-
-
Notifications
You must be signed in to change notification settings - Fork 36
Description
There is an ambiguity in
https://github.com/unicode-org/message-format-wg/blob/main/spec/syntax.md
and
https://github.com/unicode-org/message-format-wg/blob/main/spec/message.abnf
Inside an expression, the annotation may be followed by whitespace:
expression = literal-expression
/ variable-expression
/ annotation-expression
literal-expression = "{" [s] literal [s annotation] *(s attribute) [s] "}"
variable-expression = "{" [s] variable [s annotation] *(s attribute) [s] "}"
annotation-expression = "{" [s] annotation *(s attribute) [s] "}"
An annotation of type private-use-annotation or reserved-annotation ends with a resolved-body:
reserved-annotation = reserved-annotation-start reserved-body
private-use-annotation = private-start reserved-body
A resolved-body may end with U+3000:
reserved-body = *([s] 1*(reserved-char / reserved-escape / quoted))
reserved-char = content-char / "."
Examples (using \u escapes for legibility): The input strings
{ % foo bar \u3000\u3000 }
and
{ & foo bar \u3000\u3000 @x }
contain a resolved-body as part of the annotation in the expression.
How does it get parsed?
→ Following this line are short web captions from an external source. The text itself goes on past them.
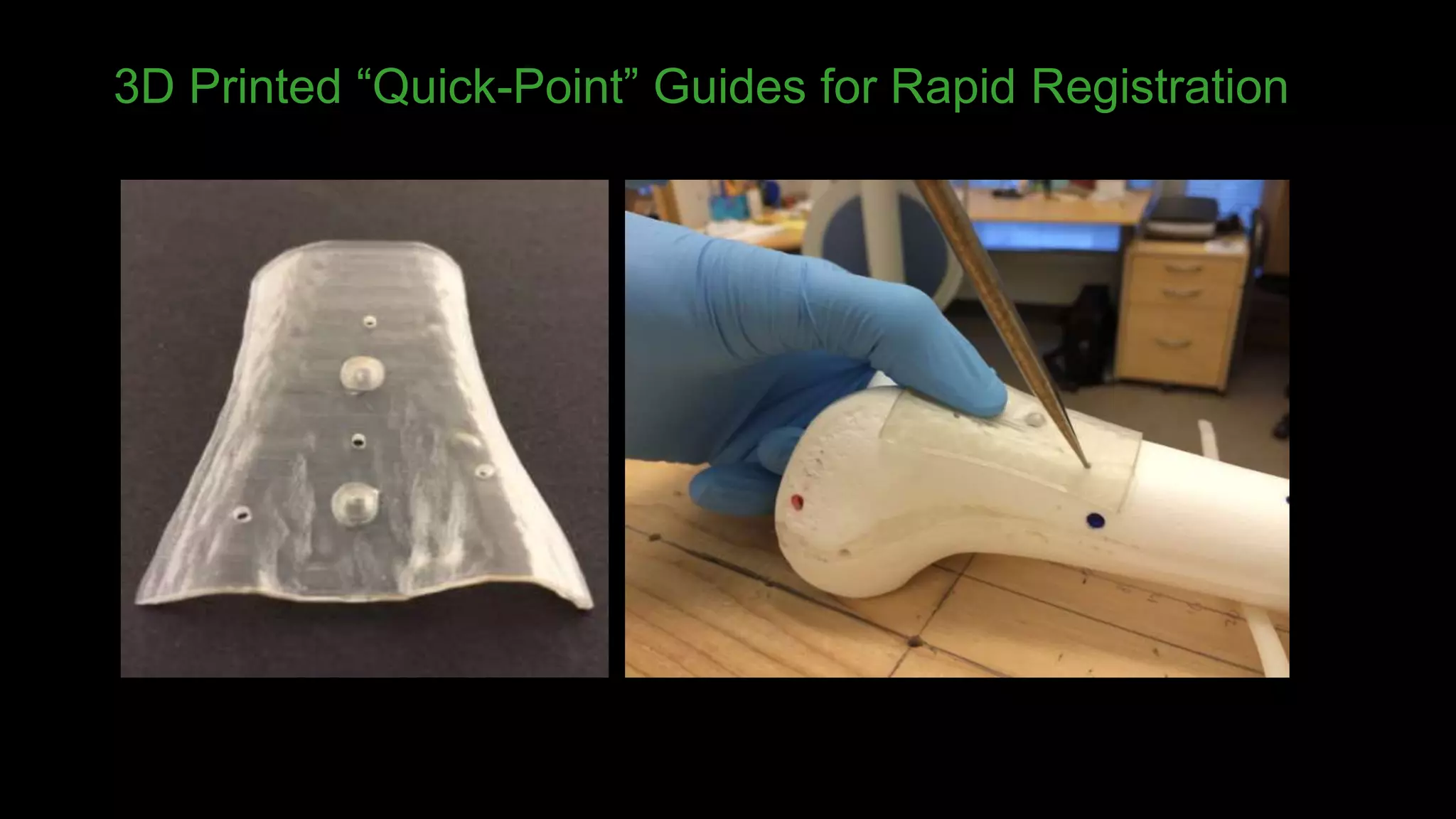 3D Printed “Quick-Point” Guides for Rapid Registration
 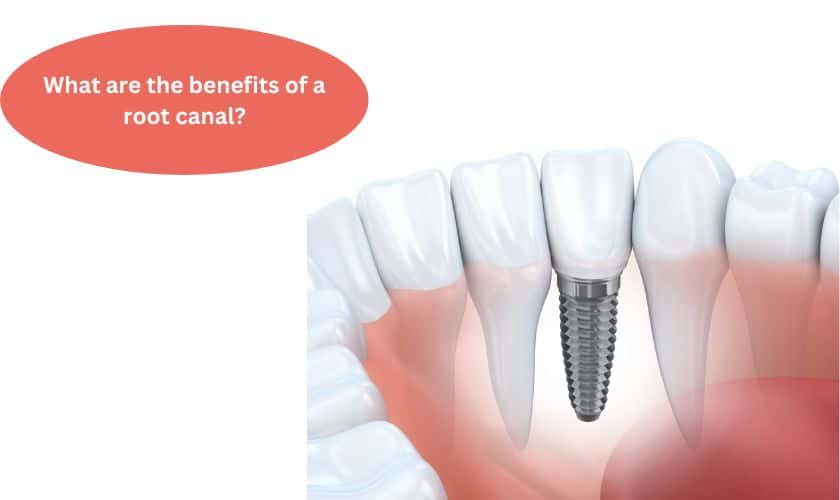 What are the benefits of a root canal?
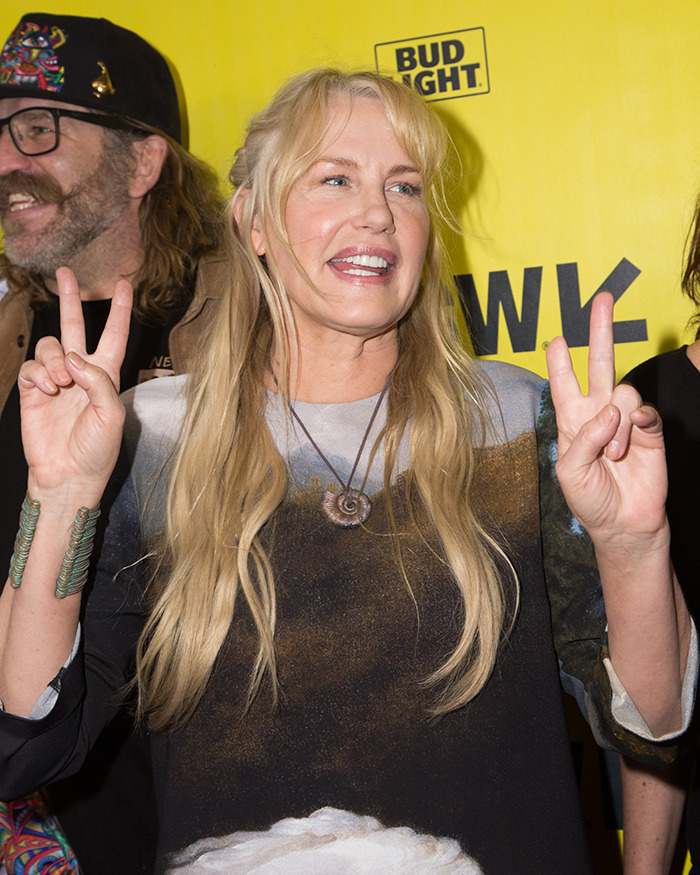 Celebrity smiling and showing peace signs at an event, highlighting celebrities with body abnormalities in the spotlight.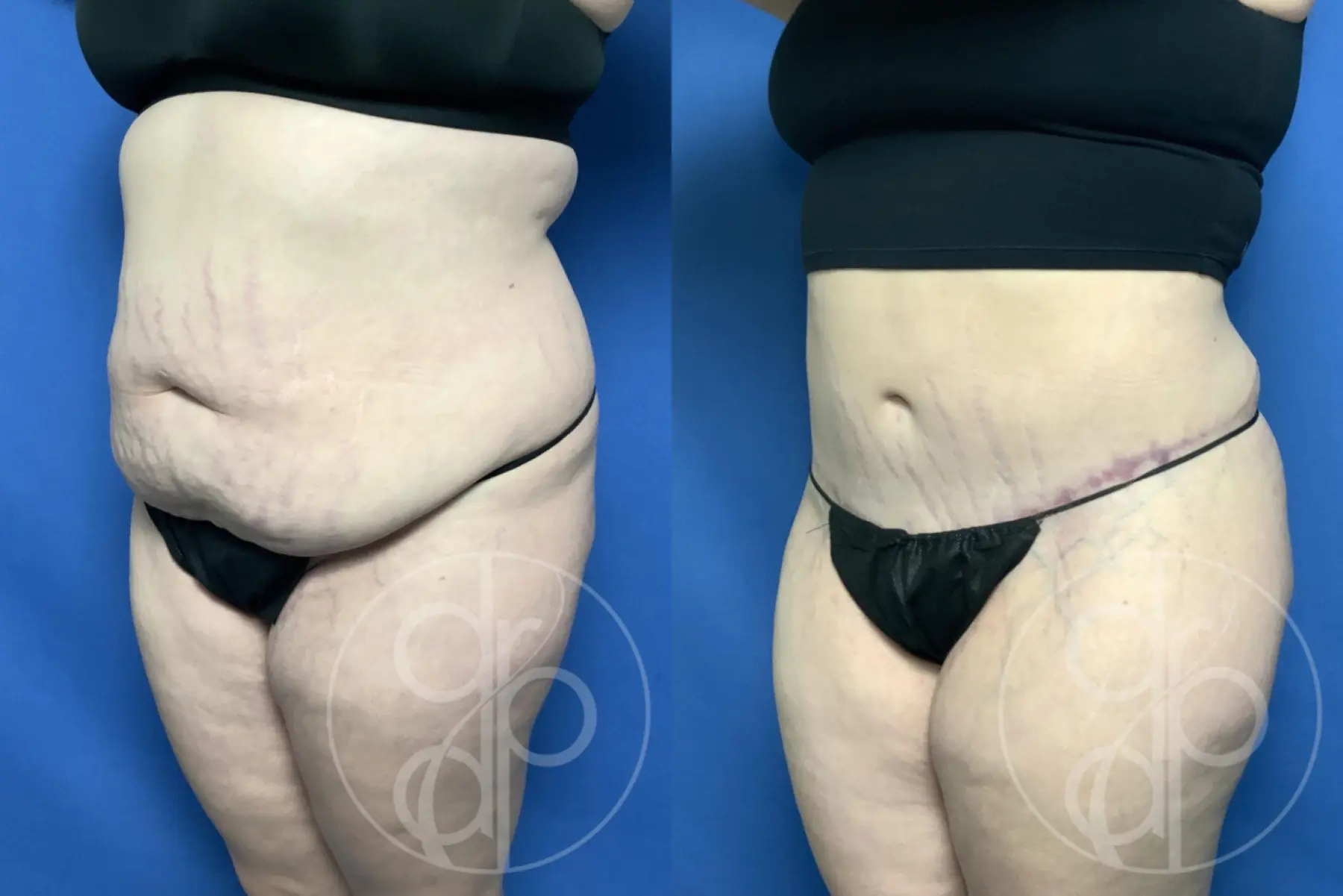 patient 13377 tummy tuck before and after result - Before and After 3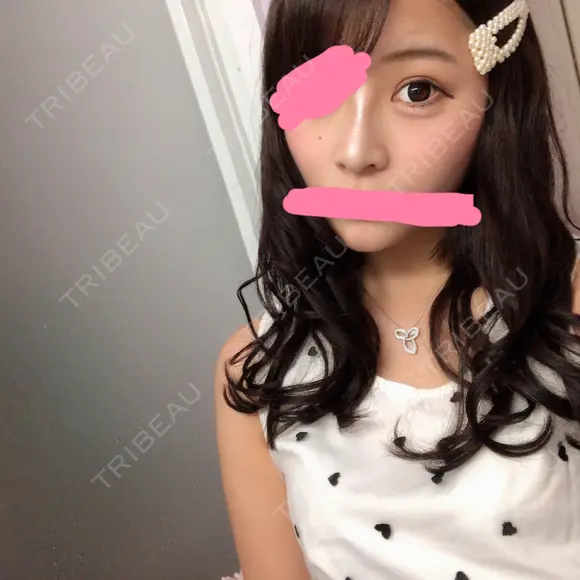 二重埋没 / 隆鼻術 共立美容外科 名古屋院 AFTER メイン用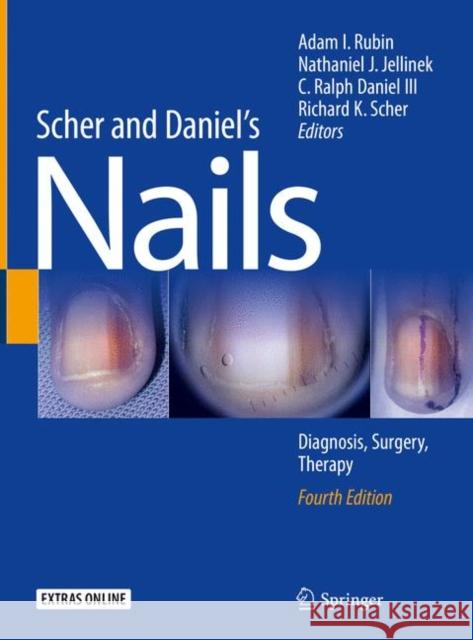 Scher and Daniel's Nails: Diagnosis, Surgery, Therapy Rubin, Adam I. 9783319656472 Springer International Publishing AG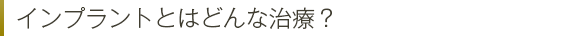 インプラントとはどんな治療?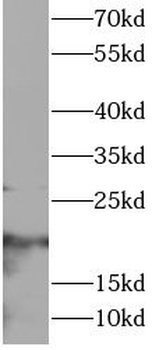 CD3E Rabbit Polyclonal Antibody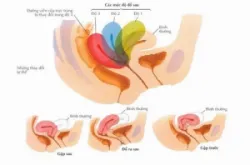Bạn bị sa tử cung ở mức độ nào?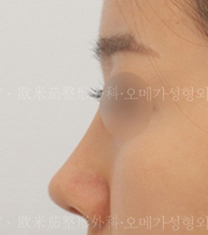 韩国omega整形外科医院隆鼻案例对比图_术后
There are 3 possibilities:
' foo bar \u3000\u3000' parsed as reserved-body
' ' parsed as [s]
' foo bar \u3000' parsed as reserved-body
'\u3000 ' parsed as [s]
' foo bar' parsed as reserved-body
' \u3000\u3000 ' parsed as [s]
It appears that the contents of the reserved-body is meant to appear as the body field of an UnsupportedStatement element in the data model (cf. https://github.com/unicode-org/message-format-wg/blob/main/spec/data-model/README.md ). Therefore it matters which of these 3 possibilities the parser chooses.
Please, specify how this ambiguity should be resolved.